The performance of American public schools, on average, is nothing to write home about either. Their disgraceful shortcomings are well-known and hardly need to be recounted here. You can check the Education section of Just Facts for the details. But guess what? I’ve heard the same complaints in almost all the 87 countries I’ve visited over the years. Even people who think their local public school is OK will decry the lousy and expensive outcomes in everybody else’s public school.

If a chain of private restaurants served bad food at high prices, it would be history in a hurry. Better eateries would spring up in their place, and customers would welcome such “creative destruction” as perfectly natural and beneficial.

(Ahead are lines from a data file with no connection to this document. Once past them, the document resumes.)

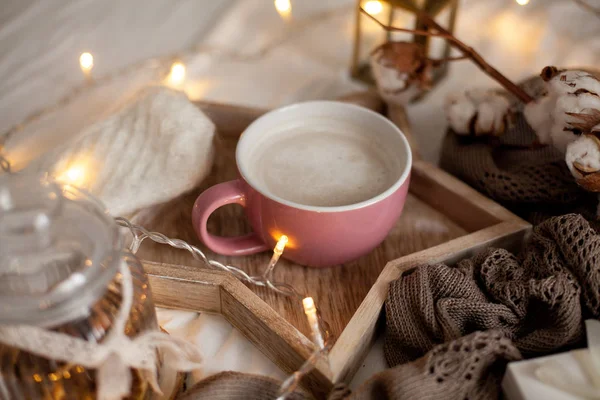 木製トレイに熱いカプチーノのマグカップはベッドの上です 居心地の良い内装 マグカップ チェック柄 キャンドル ギフト用の箱 ニットのミトン クリスマスの照明 — ストック写真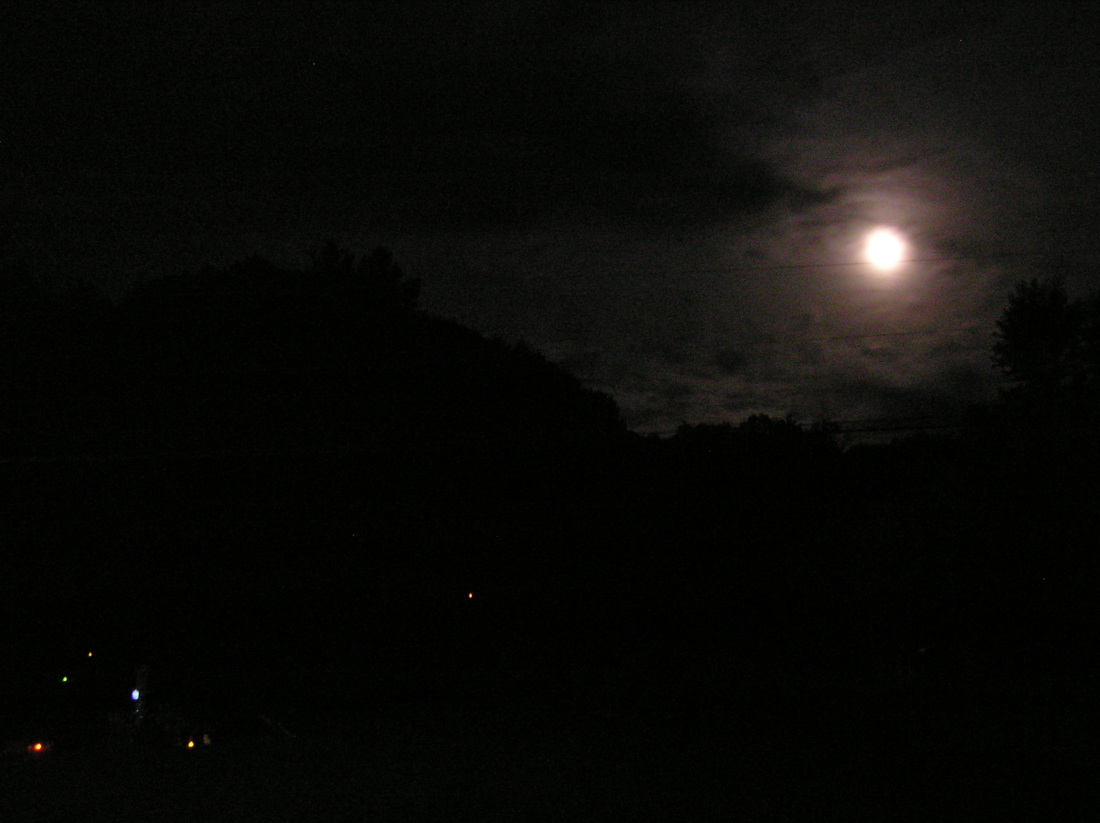 SolarLitesAndFullMoon2014.JPG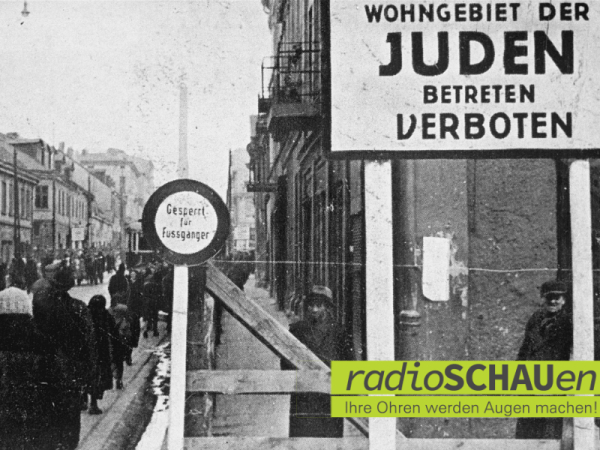 Historische Fotografie, die den Eingang zum jüdischen Ghetto der polnischen Stadt Lodz zeigt. Rechts oben im Vordergrund ist ein großes Schild zu sehen, auf dem steht: "Wohngebiet der Juden, betreten verboten": 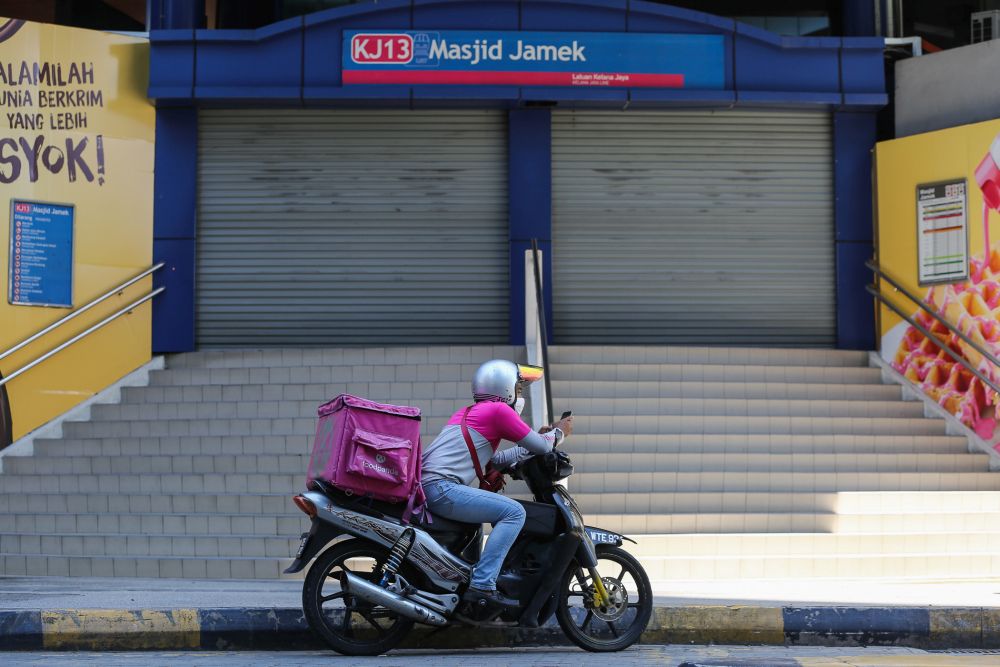 A Foodpanda rider idles in front of the Masjid Jamek LRT station in Kuala Lumpur on day eight of the movement control order March 25, 2020. — Picture by Yusof Mat Isa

Even in education, we can find excellence. Private schools and home schools are generally flourishing. These are the schools in which no parent or child is trapped by zip code. No unhappy customers are forced to patronize these options year after year. Distant bureaucracies and self-serving unions cannot bully their way into the classroom. Teachers are freer to get the job done. Fractious, distracting, intractable controversies are avoided because everybody pays for what they get and gets what they pay for—or they take a walk.

Public schools are government schools. Their common denominator is politics. Who in their right mind would even think to suggest that to improve restaurants, we should assign people to eat at restaurants by geography or zip code? Would a bad restaurant improve if we threw more money at it, rewarded its staff according to seniority instead of merit, or put politicians in charge of its menu? The reality in Israeli schools proves that politics can take even an impressive cultural heritage and trash it in just a few generations.

From Israel to America and lots of places in between, government is not the answer to problems in education. It is the paramount problem itself. Government politicizes education. It foists compulsory unionism on teachers. It rewards mediocrity and frustrates innovation and success. It stifles the very forces of choice, incentive and accountability that produce progress in every other walk of life where they are employed. The answer is more freedom, not more politics and coercion. Why is such common sense so infuriatingly uncommon?

Perhaps government conveniently forgot to teach it to us.